The full post is over at Hedgehog. This is a slightly edited and abridged version.
In talking to a wide range of companies over the years, a surprising number have made little headway towards maturing their marketing performance. Even with the tools, the personnel, the executive buy-in, and the career aspirations, companies often are stuck in neutral.
Our message is always “just do something”. A single page, component, or campaign can be the first step along the learning curve to performance-based marketing.
The Basic Plan
Pick one element to test
Find a single web content item which would benefit from visitor-based optimization. An image, a copy block, or a button would work. Seriously, just one will do to start. We do, however, recommend using an image; they tend to be easy to source and produce significantly different results. There are other areas for testing, such as outbound email, social, or mobile but web typically is easier to get up and running quickly.
Determine your objective
It is important to pick a variable to assess, such as revenue per visit or form completion rate. Without an objective, there is no way for you to analyze the impact of different versions. This should reflect the result that would cause changes in how you operate your business.

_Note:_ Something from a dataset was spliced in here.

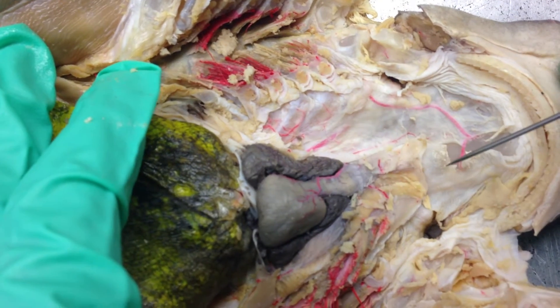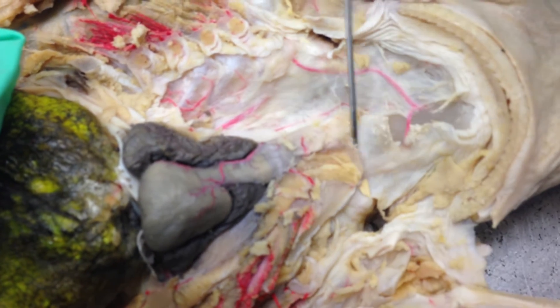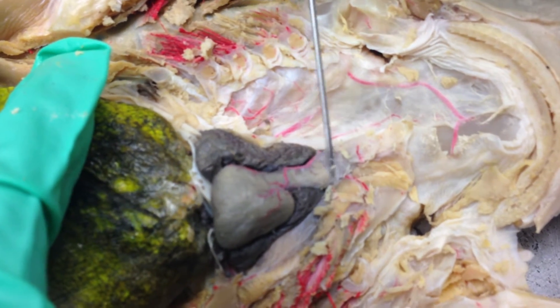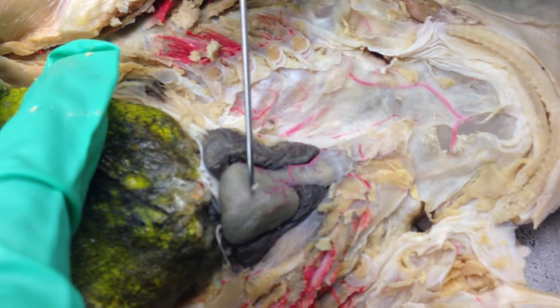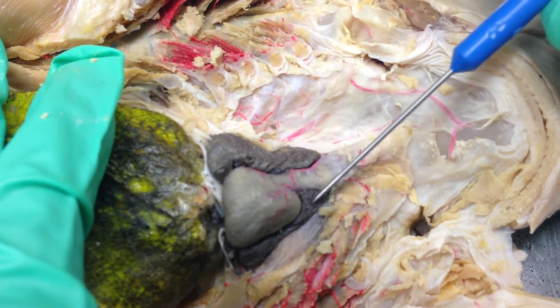The ventral aorta would be right here. Someone who dissected this kind of cut it off, but it would be right here, which would then lead into the conus arteriosus, which is this section right here, into your ventricle, which is right here. And these other two dark gray areas are your oracles.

For example, showing a 5% increase in visitors who click on an image may not result in any organizational changes. But showing a 5% increase in revenue per visit when you replace a dog photo with a cat photo will likely drive more investigation and eventual reorientation of your creative direction.
Measure whatever you can
Hopefully your website is already instrumented for most performance metrics. If you can’t get the perfect metric, look for something similar. The key here is to pick something meaningful and easy to understand, because your goal will be to show how testing changes results and use that proof to get budget to improve reporting.
Hopefully your CMS allows for random A/B testing. If it doesn’t, you could test the hard way by running one version of the image for a while, then running another, and comparing results by timeframe. (If you need to do this, it’s time to upgrade.)
You’ll need an hypothesis to test, such as “cat photos convert better than dog photos” or “photos with dogs alone convert better than those also with their owners”. While a single test won’t really prove or disprove your hypothesis, it will increase your knowledge for the next test. The test itself would be between the current image (the “champion”) and a test image (the “challenger”).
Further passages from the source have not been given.